Franklin schools curriculum map remains ‘a work in progress’

Franklin School District curriculum director Christina Cohlhepp told school board members during a work session meeting on Monday night that the district is working on curriculum maps for each subject and each grade, which are in the process of being posted to the district website.

“A curriculum map outlines what we want students to be able to do and what order we’re going to teach that,” she explained. “We start with state standards and work backward from that.”

Cohlhepp clarified after the meeting that each subject for each grade level will have a curriculum map. For example, there will be a map specific to third-grade math as well as one for fourth-grade math.“The goal is to have all the curriculum on the website eventually,” she said, though at the moment it is still “a work in progress.”

She said the district has been developing the maps based on state standards and also looking at results from last year’s Pennsylvania System of School Assessment (PSSA) test scores from to “see where we are on things.”

Once the maps are complete, she said, all students in the district will be on the same curriculum and roughly the same time frame.

This would allow teachers from the district’s schools to get together and share strategies for teaching the same course material.

She said the district is also trying to incorporate advanced placement courses “where we can.”

Other business

Board President and Venango County Director of Elections Sabrina Backer said the county is bringing back the kids’ ballots for polling places this year since they were “such a big hit last year.”

The ballots allow children who come to polling places to vote on questions, such as their favorite ice cream flavor, while their caregivers vote in the election.

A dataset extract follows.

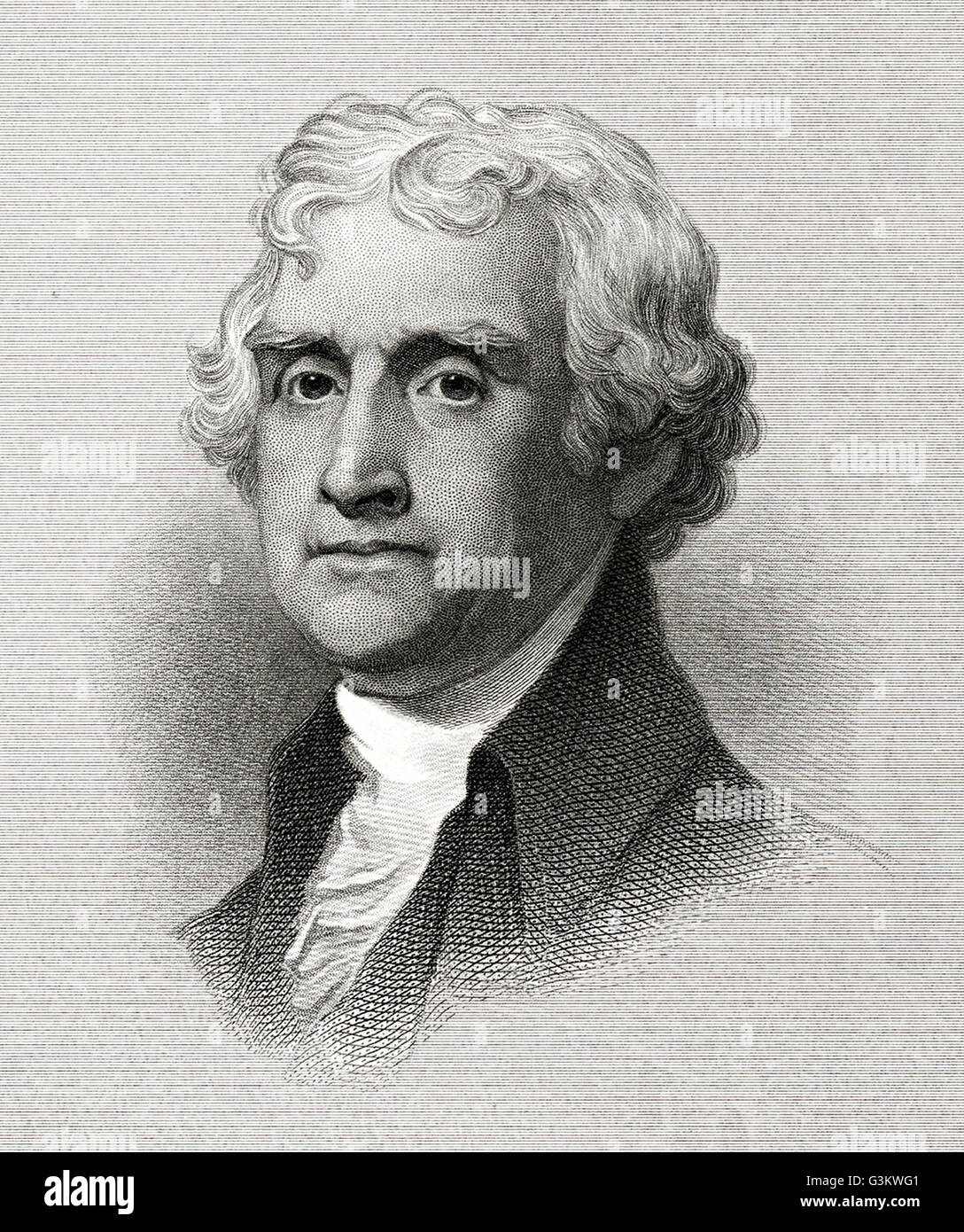 Thomas Jefferson, 1743 - 1826 Foto Stock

Backer said the county is accepting questions for this year’s ballots from teachers who wish to send suggestions from their classes.

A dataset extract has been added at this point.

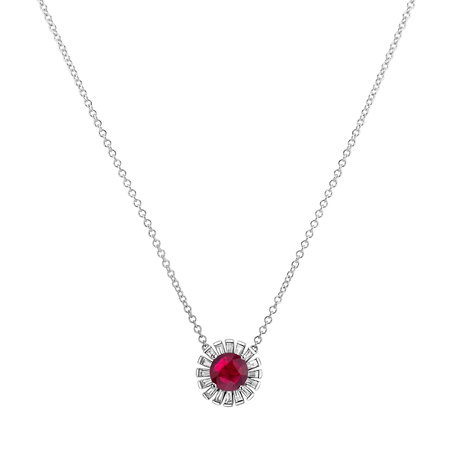 Diamond necklace with Ruby Red Secret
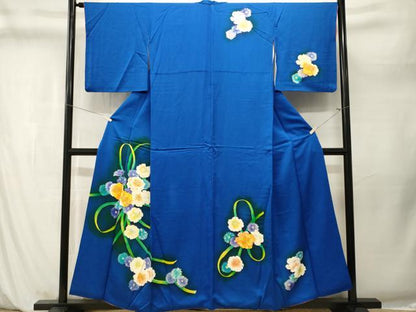 平和屋着物■訪問着　舞花文　暈し染め　正絹　逸品　CABM1269ev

Superintendent Eugene Thomas said he and Cohlhepp were continuing to meet with Trenton Moulin, president and chief executive officer of Bridge Builders Community Foundations in Oil City, about a potential scholarship program for the high school.

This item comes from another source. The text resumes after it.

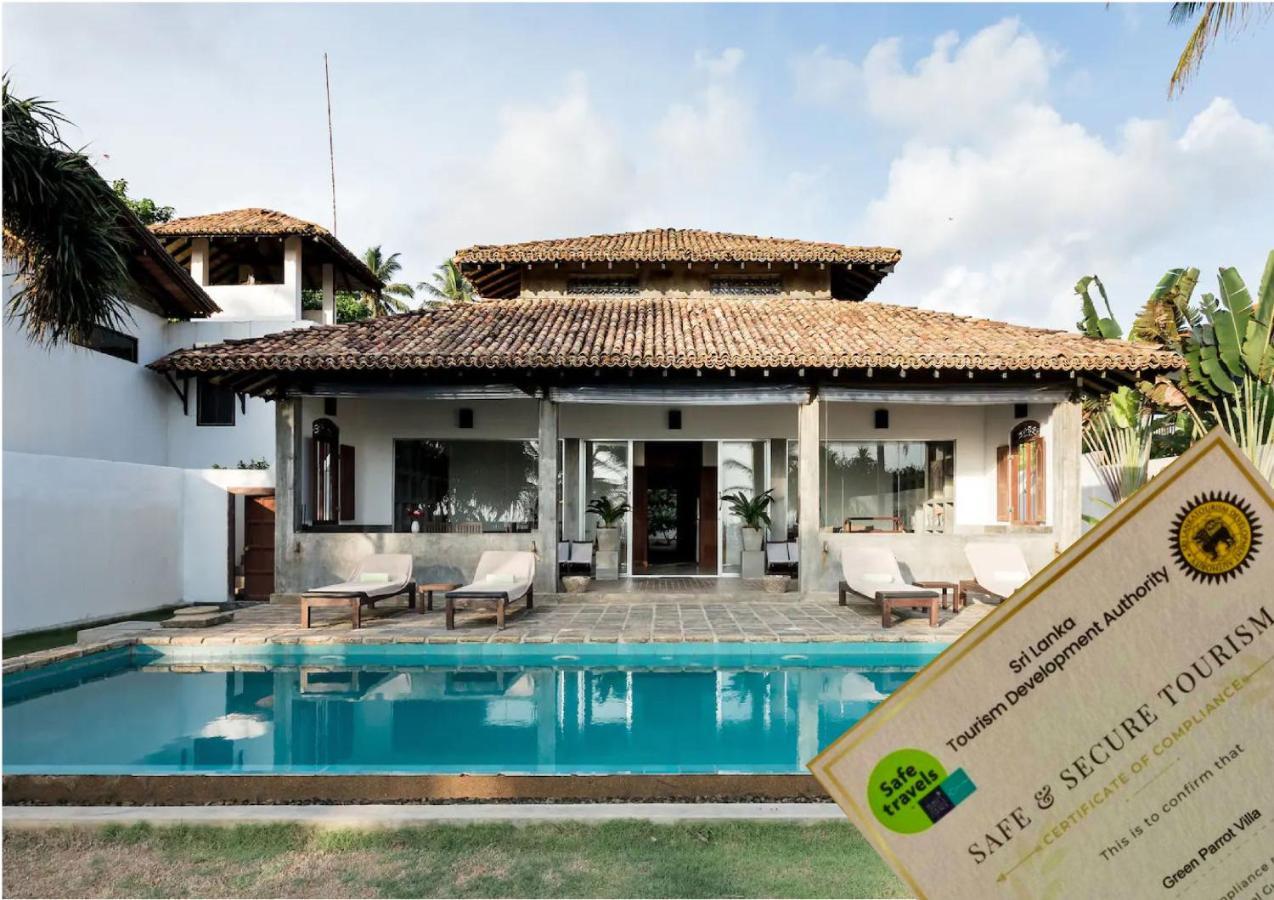 Greenparrot-Villa Ambalangoda  Bagian luar foto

Moulin spoke to the board about the program, which was dubbed the Promise Program, in June. Thomas said Monday that the program is “evolving” and the district is hoping to have something started this year.

Thomas said high school principals Tom Holoman and K.C. Miller will give a presentation to the board in November on a proposed Community Engagement Committee, which he said they want to dub the “Honorable Knights.”

Victory Elementary School Principal John Bianconi said the school had raised $1,000 for a family of seven whose Meadville Pike home burned down this month.

Andy Boland, head of the operations committee, said work on the new ballfields was waiting on state Department of Environmental Protection permitting. Once that is complete, the contractor can start on the work.